ProvBuild: Improving Data Scientist Efficiency with Provenance (An Extended Abstract)
Published in the ACM/IEEE 42nd International Conference on Software Engineering (ICSE'20) : Companion Proceedings, 2020
Download paper here
Recommended Citation Jingmei Hu, Jiwon Joung, Maia Jacobs, Krzysztof Z. Gajos, and Margo I. Seltzer. 2020. ProvBuild: improving data scientist efficiency with provenance. Proceedings of the ACM/IEEE 42nd International Conference on Software Engineering: Companion Proceedings. Association for Computing Machinery, New York, NY, USA, 266–267. DOI:https://doi.org/10.1145/3377812.3390912.
Abstract
Data scientists frequently analyze data by writing scripts.

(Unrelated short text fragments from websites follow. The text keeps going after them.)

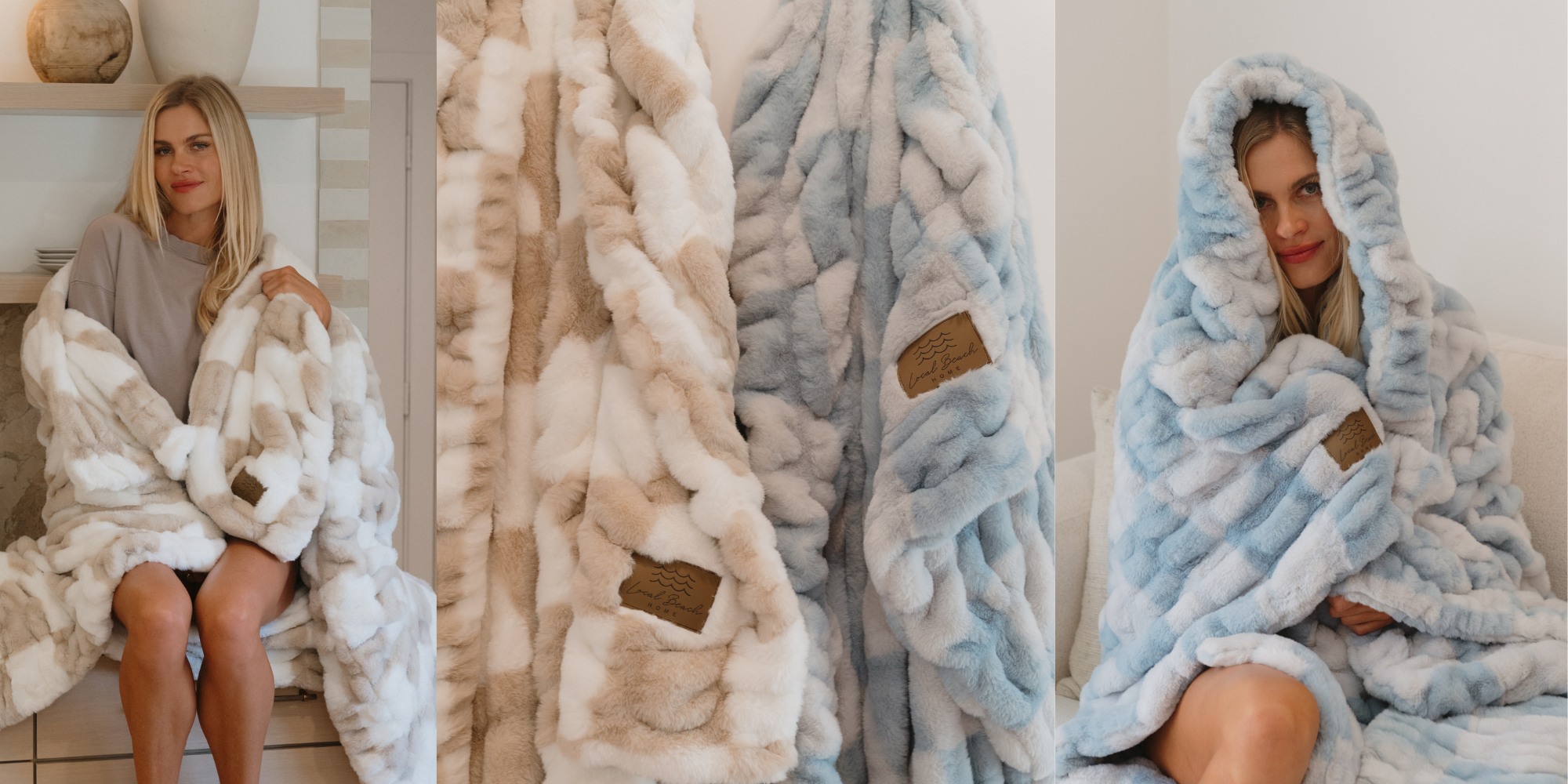Teddy Fur Blankets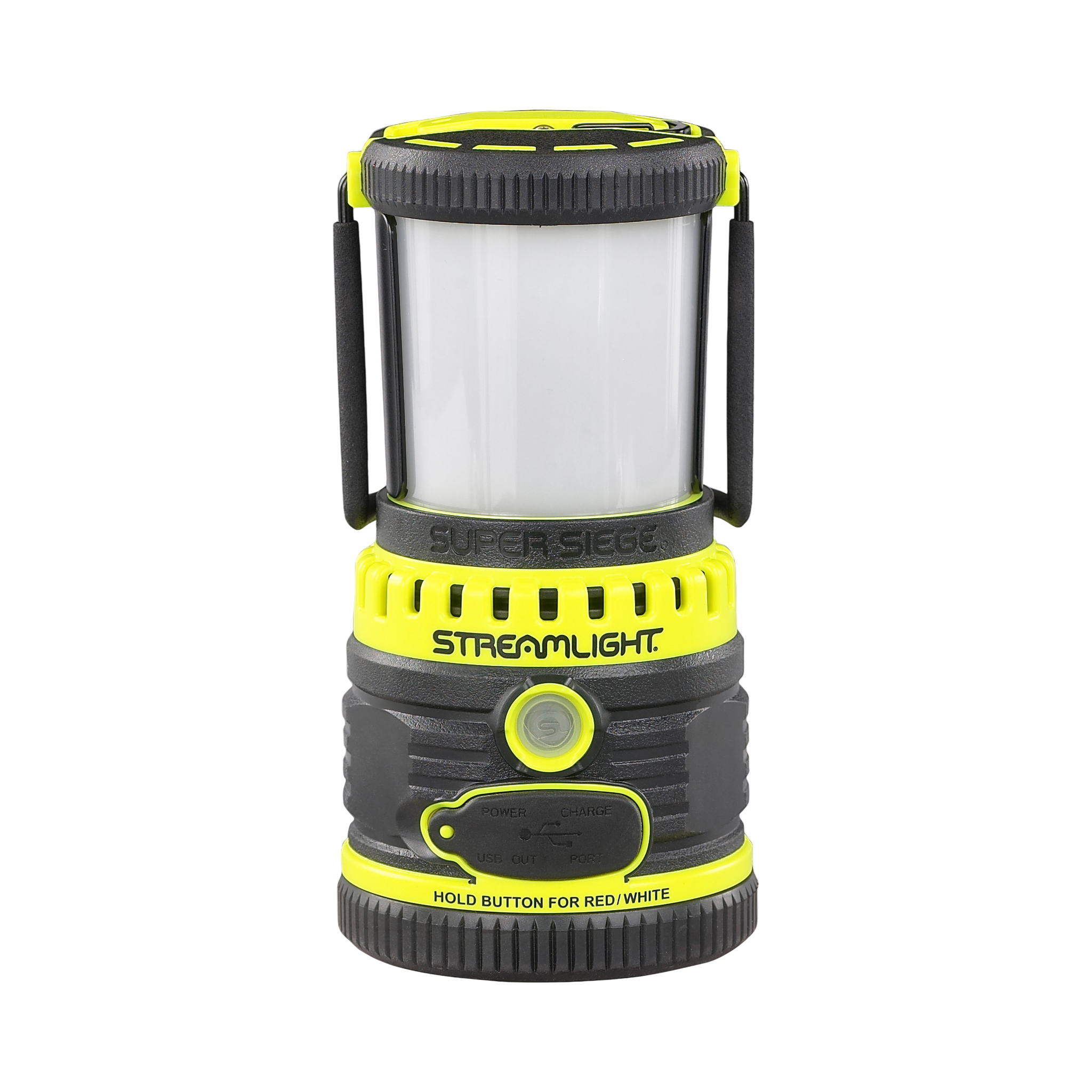Streamlight Super Siege - 120V AC - Yellow (44945)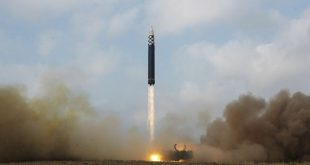 US and Asian allies impose new sanctions on North Korea after ICBM test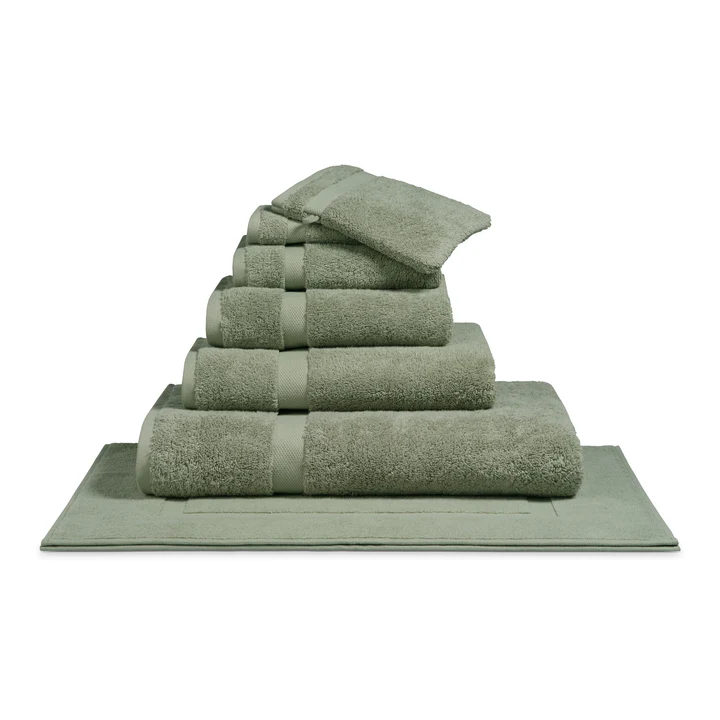 Badhanddoek Ranger 60x90cm - Smoke Green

We conducted a contextual inquiry with interdisciplinary researchers, which revealed that parameter tuning is a highly iterative process and that debugging is time-consuming. As analysis scripts evolve and become more complex, analysts have difficulty conceptualizing their workflow. In particular, after editing a script, it becomes difficult to determine precisely which code blocks depend on the edit. Consequently, scientists frequently re-run entire scripts instead of re-running only the necessary parts. We present ProvBuild, a data analysis environment that uses change impact analysis to improve the iterative debugging process in script-based workflow pipelines. ProvBuild is a tool that leverages language-level provenance to streamline the debugging process by reducing programmer cognitive load and decreasing subsequent runtimes, leading to an overall reduction in elapsed debugging time. ProvBuild uses provenance to track dependencies in a script. When an analyst debugs a script, ProvBuild generates a simplified script that contains only the information necessary to debug a particular problem. We demonstrate that debugging the simplified script lowers a programmer’s cognitive load and permits faster re-execution when testing changes. The combination of reduced cognitive load and shorter runtime reduces the time necessary to debug a script. We quantitatively and qualitatively show that even though ProvBuild introduces overhead during a script’s first execution, it is a more efficient way for users to debug and tune complex workflows. ProvBuild demonstrates a novel use of language-level provenance, in which it is used to proactively improve programmer productively rather than merely providing a way to retroactively gain insight into a body of code. To the best of our knowledge, ProvBuild is a novel application of change impact analysis and it is the first debugging tool to leverage language-level provenance to reduce cognitive load and execution time.